Wednesday, August 13, 2008

It's that time of year again! (Campaign Books are open for public Inspection)

Sadly, no one at the Bellingham Herald or KGMI is interested in researching alleged campaign violations to determine if a candidate has the character and integrity to hold public office.

If the 2007 election cycle is any indication of the local media's position on PDC/FEC or Hatch Act complaints, it appears that reporters and radio personalities would rather attack the character of the individuals filing the complaint, than research the alleged violations for themselves.

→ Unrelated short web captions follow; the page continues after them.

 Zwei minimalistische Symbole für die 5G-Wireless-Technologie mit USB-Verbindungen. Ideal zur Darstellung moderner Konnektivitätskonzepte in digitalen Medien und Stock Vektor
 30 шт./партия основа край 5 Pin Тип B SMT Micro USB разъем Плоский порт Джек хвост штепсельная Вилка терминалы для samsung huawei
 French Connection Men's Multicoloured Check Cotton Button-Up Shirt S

Why is public disclosure important? The public disclosure process provides a method for individuals to raise genuine and legitimate concerns about campaign reporting and for those concerns to be independently investigated; and, for appropriate action to be taken by the PDC or other enforcement agency to ensure that all sources of campaign financing are reported so voters can make an informed decision about candidates BEFORE an election takes place.

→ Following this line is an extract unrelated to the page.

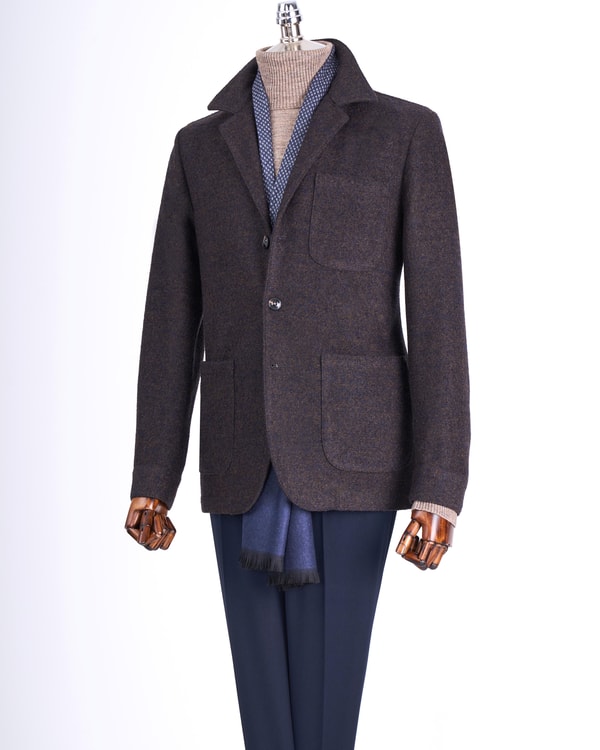 İtalyan stil slim fit kaşe spor tek ceket erkek kahverengi T13545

Professor James Davidson Hunter of the University of Virginia is co-author of a study that determined Americans have conflicting feelings about character in public figures.

The report, “The Politics of Character,” found that the moral character of candidates “is trumpeted, but more as the absence of corruption than as the display of particular virtues.” Said Bob Gibson, reporter from the Daily Progress, in Charlottesville, VA.

According to Professor Hunter's study, there isn't much coherent thinking going on about the importance of ethics and values in government. In fact, Americans in general appear to be willing to put up with a wide array of bad behavior without questioning the effect that behavior can have on the way we are governed, (as demonstrated by recent federal indictments in Alaska VECO scandal and the mayor of Detroit's legal woes).

So, if you are one of those political junkies that believes local, state and federal candidates have an obligation to obey the law, you're going to have to do some independent research to determine if candidates are filing accurate and timely reports.

According to state public disclosure law, campaign books must be open to the public by appointment between 8:00 AM and 5:00 PM during the eight days before the primary and/or general election, except Saturdays, Sundays and legal holidays. Inspections are by appointment only.

Candidates are required to list the address (location of the books) on line 10 of the C-1 form. Line 10 also provides contact information for scheduling an appointment to inspect the books.

The PDC does not accept PO Boxes or out of area addresses for campaign book inspections.

Campaign contact information can be found on C-1 forms, filed with the Washington State PDC. A candidate's books can be reviewed by appointment.

To determine the location of a candidate's books, click here.

Here are a few hints to assist you in your efforts. (The PDC website is not easy to navigate).

Click the "show choices tab" across from filer name. Scroll down until you find the candidate that you are interested in. (Last name is listed first). Select your candidate's name. Click the send query button at bottom of page.

Scroll down to C-1 form. Open form.

Scroll down to line 10.

The street address, room number and city where campaign books will be available will be listed here.

If you are refused an appointment by a candidate or campaign staffer, call the PDC at (360) 753-1111. The PDC gets about four complaints a year from citizens who have been refused an appointment to inspect a candidate's books.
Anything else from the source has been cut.